With opinion polls continuing to show low public support for the new LDP-Liberal Party-New Komeito coalition, new Chief Cabinet Secretary Mikio Aoki said Friday that the government will try its best to raise opinions by implementing better policies.
“The three parties must plan and achieve better policies to gain a voter mandate, which would reverse the low support figure (for the coalition),” said Aoki, 65, an Upper House lawmaker with the Liberal Democratic Party, in an interview with The Japan Times.
The tripartite coalition has received low public support since June, when Prime Minister Keizo Obuchi first announced the plan.
The popularity of Obuchi’s administration was 47 percent immediately after the new Cabinet was formed Oct. 5, according to a Kyodo News survey of 1,000 voters chosen at random.
In the same survey, however, a mere 12 percent said they support the three-party coalition.
Striving for specific policy goals may be a difficult task for the coalition, which is made up of parties with three different platforms. But Aoki said he is sure the parties can clear all hurdles through talks.
Referring to the nation’s worst nuclear disaster, which struck a uranium processing plant in Tokai, Ibaraki Prefecture, last month, Aoki said the government must step up its effort to prevent a recurrence.
“We are determined to tackle the issue of crisis management on the premise that any kind of accident can occur,” Aoki said, adding that the government has no plan to change its nuclear energy policy.
Aoki, who concurrently serves as director general of the Okinawa Development Agency, said he will make efforts toward relocating the Futenma Air Station in central Okinawa.
Referring to the resolution adopted Friday by the Okinawa Prefectural Assembly to relocate the heliport functions of the air station, Aoki said the resolution reflects local people’s strong expectations.
The resolution also urges prompt implementation of the central government plan to find new uses for the Futenma base after it is vacated. It also calls for economic incentives to be provided to the area around the heliport’s future site.
“The government will make its utmost effort to help settle the problem and consider requests from local people,” Aoki said.
Stressing the government has basically entrusted the matter to Okinawa, Aoki did not say when he thinks it will be concluded. The government hopes to settle the issue “as early as possible,” he said.
In agreeing to form the coalition, the three parties called for all consumption tax revenue to be spent on social welfare, a move that could lead to a consumption tax hike. The tax is currently 5 percent.
Aoki said the Obuchi administration does not plan to raise the tax immediately.

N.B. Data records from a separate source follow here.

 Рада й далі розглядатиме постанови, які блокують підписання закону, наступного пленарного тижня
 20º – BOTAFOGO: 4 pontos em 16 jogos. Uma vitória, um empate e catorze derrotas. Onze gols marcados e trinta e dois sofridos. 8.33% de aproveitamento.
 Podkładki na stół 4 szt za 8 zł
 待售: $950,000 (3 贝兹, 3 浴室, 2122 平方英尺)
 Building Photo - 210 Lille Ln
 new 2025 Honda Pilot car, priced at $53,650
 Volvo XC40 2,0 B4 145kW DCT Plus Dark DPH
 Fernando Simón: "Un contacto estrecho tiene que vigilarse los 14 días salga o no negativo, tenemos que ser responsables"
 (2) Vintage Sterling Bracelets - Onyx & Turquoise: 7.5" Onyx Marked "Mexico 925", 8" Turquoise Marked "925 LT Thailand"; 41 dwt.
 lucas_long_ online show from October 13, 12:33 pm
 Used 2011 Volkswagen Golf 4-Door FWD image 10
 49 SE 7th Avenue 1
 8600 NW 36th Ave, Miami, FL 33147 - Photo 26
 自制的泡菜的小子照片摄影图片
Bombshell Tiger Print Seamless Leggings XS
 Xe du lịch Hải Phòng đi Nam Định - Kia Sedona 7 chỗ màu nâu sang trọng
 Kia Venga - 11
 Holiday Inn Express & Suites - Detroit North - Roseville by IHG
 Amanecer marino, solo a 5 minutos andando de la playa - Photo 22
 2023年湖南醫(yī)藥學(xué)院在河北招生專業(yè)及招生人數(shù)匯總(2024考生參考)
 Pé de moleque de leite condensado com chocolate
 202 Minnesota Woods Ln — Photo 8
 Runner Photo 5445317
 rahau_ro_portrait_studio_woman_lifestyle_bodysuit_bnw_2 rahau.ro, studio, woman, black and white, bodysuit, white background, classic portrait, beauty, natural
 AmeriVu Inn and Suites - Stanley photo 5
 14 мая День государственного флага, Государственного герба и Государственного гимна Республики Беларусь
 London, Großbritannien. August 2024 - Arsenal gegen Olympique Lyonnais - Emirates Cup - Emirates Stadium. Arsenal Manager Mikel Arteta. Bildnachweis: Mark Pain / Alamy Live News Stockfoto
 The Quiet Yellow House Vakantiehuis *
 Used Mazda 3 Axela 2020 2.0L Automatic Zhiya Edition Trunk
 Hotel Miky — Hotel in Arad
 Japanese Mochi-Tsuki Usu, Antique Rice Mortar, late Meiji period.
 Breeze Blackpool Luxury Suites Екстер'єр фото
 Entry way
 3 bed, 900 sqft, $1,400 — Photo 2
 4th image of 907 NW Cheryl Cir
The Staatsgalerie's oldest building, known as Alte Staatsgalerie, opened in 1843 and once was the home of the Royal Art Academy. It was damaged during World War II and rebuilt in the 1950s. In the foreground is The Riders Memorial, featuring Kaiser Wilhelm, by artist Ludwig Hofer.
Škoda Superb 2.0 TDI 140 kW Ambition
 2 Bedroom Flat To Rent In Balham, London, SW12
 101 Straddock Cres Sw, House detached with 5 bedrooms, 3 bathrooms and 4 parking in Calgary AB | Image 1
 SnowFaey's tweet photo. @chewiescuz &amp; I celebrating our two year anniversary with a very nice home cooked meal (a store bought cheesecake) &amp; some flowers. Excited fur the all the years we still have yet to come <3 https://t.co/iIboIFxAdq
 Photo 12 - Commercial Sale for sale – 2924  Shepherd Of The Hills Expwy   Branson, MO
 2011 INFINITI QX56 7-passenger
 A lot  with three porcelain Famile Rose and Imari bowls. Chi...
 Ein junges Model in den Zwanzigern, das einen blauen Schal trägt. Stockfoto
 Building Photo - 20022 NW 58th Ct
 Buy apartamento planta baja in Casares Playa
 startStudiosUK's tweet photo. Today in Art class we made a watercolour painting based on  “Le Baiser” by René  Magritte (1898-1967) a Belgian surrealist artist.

Although he is not a well-known politicians, Aoki is recognized for his broad political network, which he has built since he served as a secretary to former Prime Minister Noboru Takeshita about 40 years ago.
Obuchi has reportedly appointed Aoki to the heavyweight portfolio, taking into consideration his experience in coordinating the LDP’s largest faction, led by Obuchi, who inherited it from Takeshita.
Aoki also served as the LDP’s secretary general in the Upper House, where the party is short of a majority.
Aoki’s friendly ties with New Komeito members and key Liberal Party members are said to have contributed to launching the tripartite coalition.
Compared with former Chief Cabinet Secretary Hiromu Nonaka, who has often influenced political scenes by making aggressive remarks, Aoki speaks in a subdued tone at news conferences.
Aoki has said that he will be a chief Cabinet secretary with a different style. He said he will concentrate on the role of coordinator between the ruling parties and the Cabinet, leaving matters between the three parties up to their leaders.